Tuesday, February 9, 2021

Luscious Lemon Cream Pie

 Preheat oven to 450 degrees. Line un-pricked pie crust with a double thickness of heavy duty tinfoil. Bake for 10 minutes. Remove foil and bake for an additional 5-10 minutes depending on your crust choice. I use and make my crusts ahead of time so I pull them from the freezer to use.

Lemon Filling:

Combine 3/4 cup sugar, 6 tablespoons cornstarch, and 1/2 tsp. salt in a small saucepan. Stir in 1 and 1/4 cup water. Bring to a boil over medium high heat.
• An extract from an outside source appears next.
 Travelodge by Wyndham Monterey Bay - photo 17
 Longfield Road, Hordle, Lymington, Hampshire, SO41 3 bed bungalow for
Reduce heat add 1/2 cup sugar. Cook for about 2 minutes until thickened. Remove from heat and stir in 2 tablespoons butter and 2 tsp. grated lemon peel. Add 1/2 cup fresh lemon juice. Cool to room temp.

Cream Filling:

Beat 11 ounces cream cheese with 3/4 cup powdered sugar until smooth. Fold in 1 and 1/2 cups Dream whip and 1 tablespoon freshly squeezed lemon juice. Reserve 1/2 cup for garnish. Spread remaining in the pie crust and top with lemon filling. Decorate with the reserved cream filling using a piping bag.

Refrigerate overnight. 

HEAVENLY!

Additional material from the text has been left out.